The Landing’s newest business, Urban Float, a float tank spa or sensory deprivation therapy, opened earlier this year. Users float inside a tank or a pod or rather a large bathtub with a lid in a solution of epsom salt and body temperature water. Once submerged in the dark, sound-proof pod, users are freed from all senses, allowing their brain float into an enlightened mental state, often experienced by frequent meditators.

“When you get in there, close the lid and turn off the lights, you basically have a reduced sensory input,” said Joe Beaudry, owner of Urban Float. “You’re not being bombarded with sound, smell, taste. The water is skin temperature. The longer you’re in there, you relax and you’re completely carried by the water. You don’t feel the gravity pulling you down. It almost feels like you’re floating in space. After a while, you start to lose the awareness of where your body ends and where the water begins. You no longer sense touch; that sense is being quietened down. You’re totally relaxed.”

Floating comes with numerous physical and mental therapeutic properties, including stress reduction, muscle relaxation and relief from chronic pain.

“Then there’s the mental part of being there,” said Beaudry. “It’s just you in there. No distractions. Some people will go in there and just meditate. It’s a really great way to focus on a problem you want to solve or just quiet your brain.”

For Beaudry, the pod brought a deep sense of relaxation and an inspiration for an empire.

In 2011, Beaudry was in the thick of the corporate world. He had a middle management job, one that dealt with big budgets, long term projects, frequent travel and high stress.

“It was just a lot going on. I was looking for something that would help me deal with the stress of it all,” said Beaudry. “Something that would make me a sharper mental performer, something that would improve me so I could climb the corporate ladder faster.”

That was when he came across the concept of therapeutic floating on a Joe Rogan podcast.

“I was super intrigued by what he saying,” said Beaudry. “I probably listened to the [podcast] 20 times.”

After searching desperately, he finally found a man who owned a tank in Bellevue. One (awkward) phone call later, Beaudry found himself in the man’s spare bedroom, floating in a tank.

“I went in and came out totally different,” he said. “Something changed in me in that experience. I had so much built up leading up to the appointment. When I got out, everything smelled better. I felt like I could see farther. All my sense were heightened and I felt super relaxed. I felt amazing.”

Beaudry was hooked. And he needed more. The problem was that there weren’t many sensory deprivation spas around. In fact, there were less than five spas around the country who offered floating services. And he didn’t quite want to barge into the Bellevue man’s spare bedroom every week.

So he did what any self-respecting businessman would do. He opened his own store.

“We found a spot in Fremont,” he said. “It was a test for us… and it took off! People responded really well to it!

Since its inception, the Fremont spot has always been booked six weeks in advance.
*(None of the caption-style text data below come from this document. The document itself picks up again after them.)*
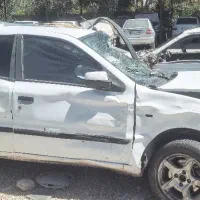 ماشین چپی|خودرو سواری و وانت|مشهد, حرم مطهر رضوی|دیوار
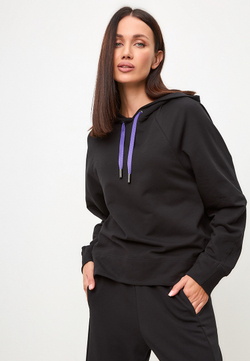 Хлопковое худи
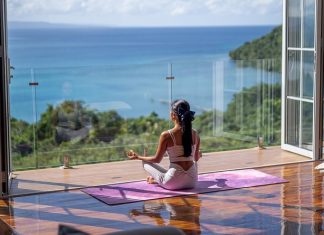 Why Practice Yoga?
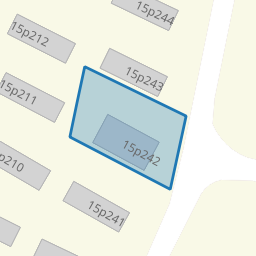 Perceel DTN01-D-2513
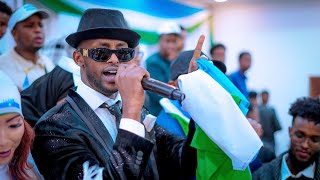 HASSAN GANTAAL PUNTLAND HEES CUSUB BARXADII GAROOWE SANAD GURADI PUNTLAND NAIROBI 2024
The unexpected popularity led to a second store in Kirkland. After analyzing the traffic patterns at both the stores, Beaudry noticed that many patrons were driving up from the south.

“Somebody’s who going to float once a month, it’s not going to do a whole lot for them,” he said. “And if you have a long time to get to that float, it’s going to discourage them. We want to make it convenient to make it for people.”

And so started Urban Float’s newest location at The Landing in Renton.

“We’re going to keep opening up locations based on where we see customer demand, where we can make it convenient for people to float regularly because that’s when you can get the best benefits,” said Beaudry.

And while Beaudry is hungry for success, he isn’t in the game just for the money. It has been a rewarding business, one where his service affects people’s lives positively.

“People come by and thank us over and over again for changing their lives,” he said. “There’s a woman who comes in almost every day it’s helping her mobility issues. She was in pain all the time. Now her pain level is way down, she can move and live a semi-normal life. She is constantly thanking us for opening up and that she’s so glad we’re here. We get that kind of stuff a lot.”

One-hour float sessions start at $89 with a special discount for first time floaters and special package deals.